Toutes les grandes universités européennes enseignant les sciences ont été fondées par l’Église Catholique, et ont été sous son autorité.
Copernic a étudié dans les universités catholiques de Cracovie, Bologne, Padoue (études de médecine) et Rome, les mathématiques et l’astronomie, ce qui lui a permis d’élaborer ses théories sur l’héliocentrisme, en s’inspirant de l’idée de l’astronome et mathématicien grec Aristarque de Samos (vers -200 av JC).
Le livre de Copernic »De revolutionibus« sur l’héliocentrisme, dédicacé au Pape Paul III, est resté pendant près de 80 ans entièrement libre.

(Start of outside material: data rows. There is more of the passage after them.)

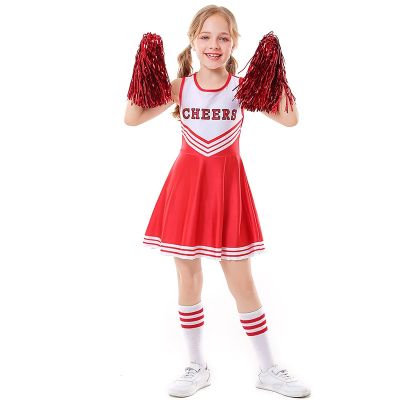 เครื่องแต่งกายวันฮาโลวีนชุดเดรสสำหรับเด็กฟุตบอลคอสเพลย์ชุดเชียร์ลีดเดอร์สำหรับเด็กผู้หญิง
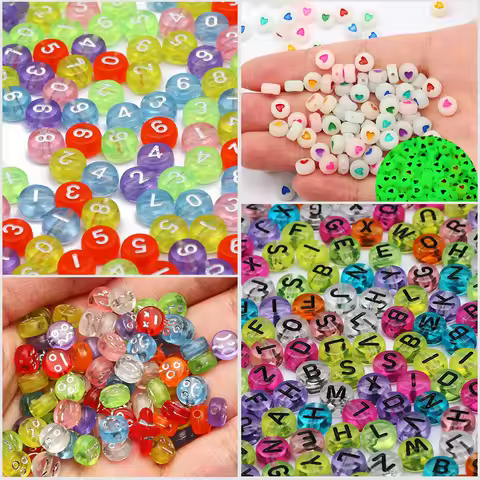 Round 4x7mm Colored Transparent Acrylic Beads Heart Number Smile Letters Beads For Jewelry Making Be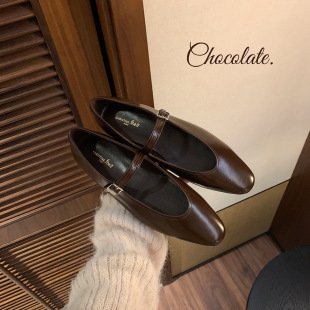 In-Stock French-Style Mary Jane Flats with a Shallow Vamp and Single Strap for Women, Casual Versatile Shoes in Patent Leather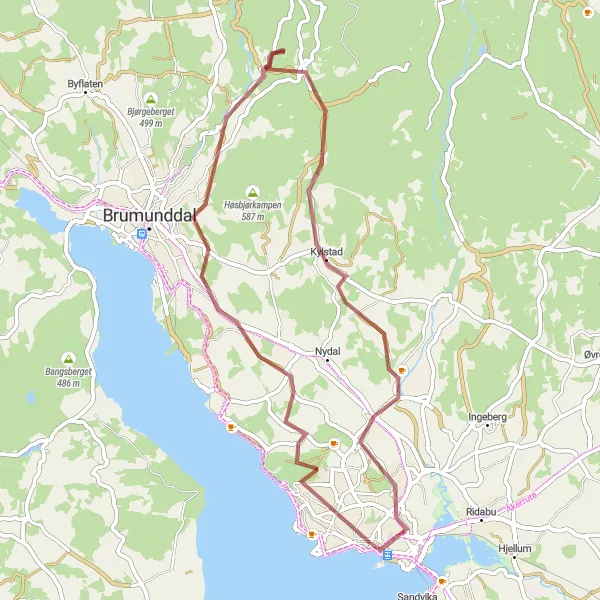 Kartminiatyr av "Grusvei rundtur til Furnes og Åkersvika" sykkelinspirasjon i Innlandet, Norway. Generert av Tarmacs.app sykkelrutoplanlegger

Don son épître dédicatoire, Copernic cite les personnalités qui l’ont aidé à publier le manuscrit, comme le cardinal archevêque de Capoue, Nicolas Schonberg, ou encore l’evêque de Culm, Tiedemann Giese, qui considérait que la publication de son oeuvre sur l’héliocentrisme était un devoir pour la science et l’humanité.
Les catholiques étaient en général complaisant avec la doctrine héliocentrique, du moins, pendant 80 ans, elle n’est pas attaquée par l’Église catholique.
Si »De revolutionibus« a été mis temporairement à l’Index en 1616, c’est plutôt à cause de l’influence grandissante du nouveau courant religieux réformiste de Luther, qui condamna avec vigueur la nouvelle astronomie dans ses »Propos de table" en 1539 repris par ses acolytes (Mélanchthon, Andreas Osiander,...) hostile aux thèses de l’héliocentrisme.
Galilée s’étant montré insolent envers l’Église et le Pape, a fait déborder la goutte d’eau du vase, et provoqué la mise à l’Index de l’ouvrage de Copernic.